- Opening Delimiter -

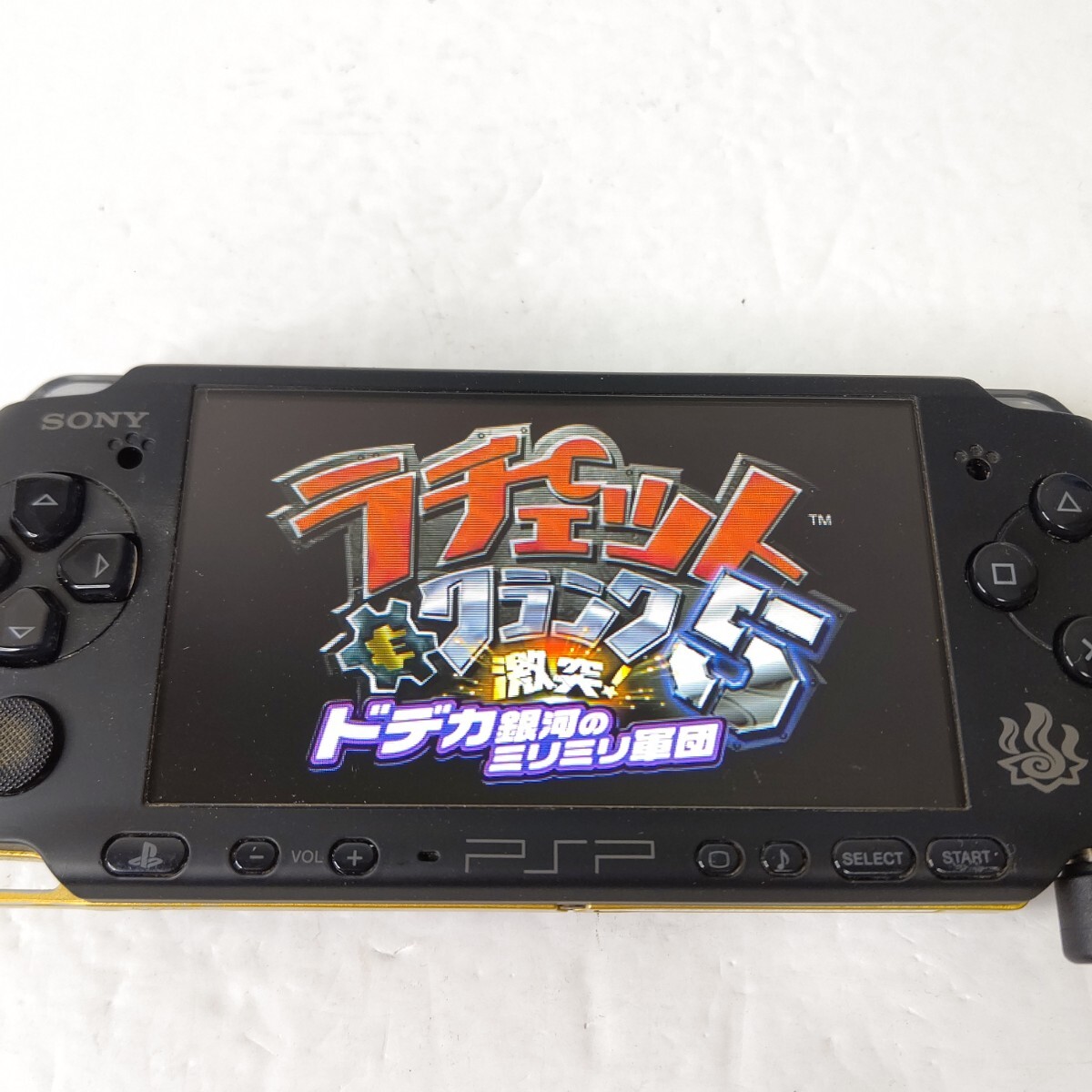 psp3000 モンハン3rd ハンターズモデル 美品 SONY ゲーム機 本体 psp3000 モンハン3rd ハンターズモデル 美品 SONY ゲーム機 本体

- Closing Delimiter -
- Opening Delimiter -

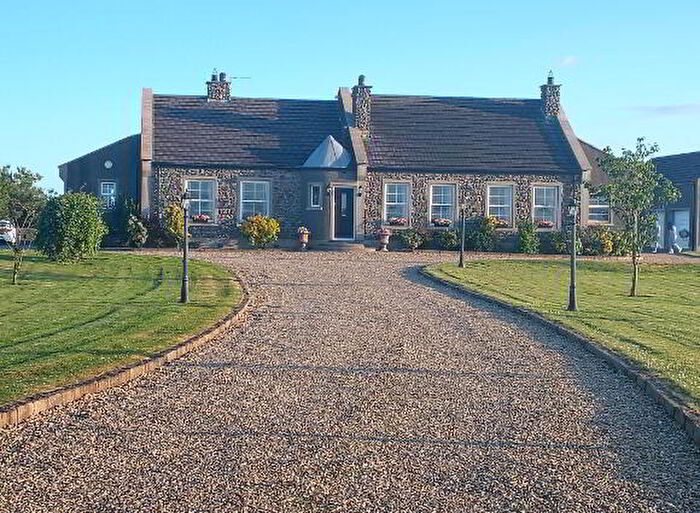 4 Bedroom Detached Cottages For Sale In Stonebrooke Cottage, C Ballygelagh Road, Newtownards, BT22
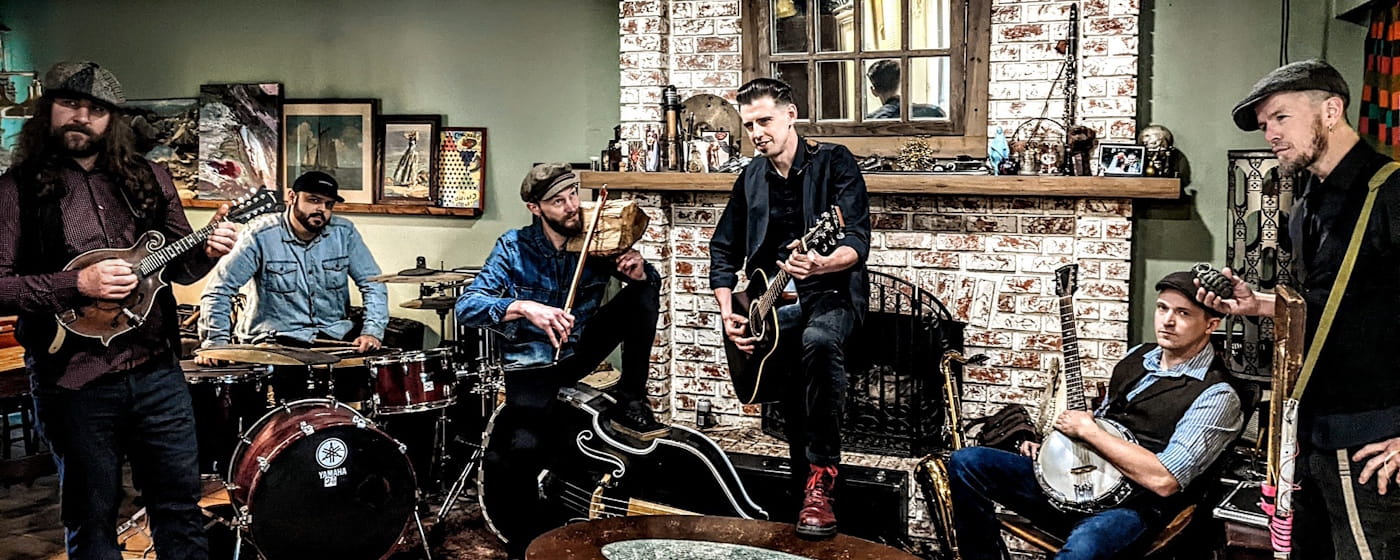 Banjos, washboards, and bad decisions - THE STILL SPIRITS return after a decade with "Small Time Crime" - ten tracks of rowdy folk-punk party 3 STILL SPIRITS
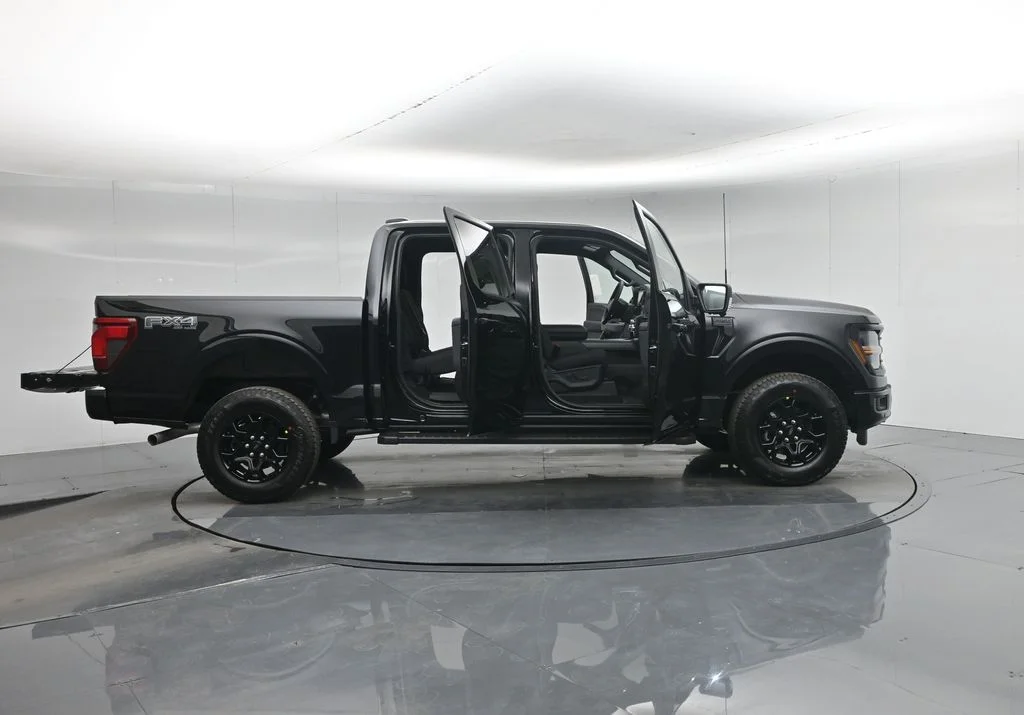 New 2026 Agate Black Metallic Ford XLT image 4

- Closing Delimiter -

▸ **The problem**: Exact repeat of the material above: every line from the one with "Banjos, washboards, and" through the one with "New 2026 Agate", endpoints included, and nothing more. No pictures.

▸ **Solution to this exercise**:
 Banjos, washboards, and bad decisions - THE STILL SPIRITS return after a decade with "Small Time Crime" - ten tracks of rowdy folk-punk party 3 STILL SPIRITS
 New 2026 Agate Black Metallic Ford XLT image 4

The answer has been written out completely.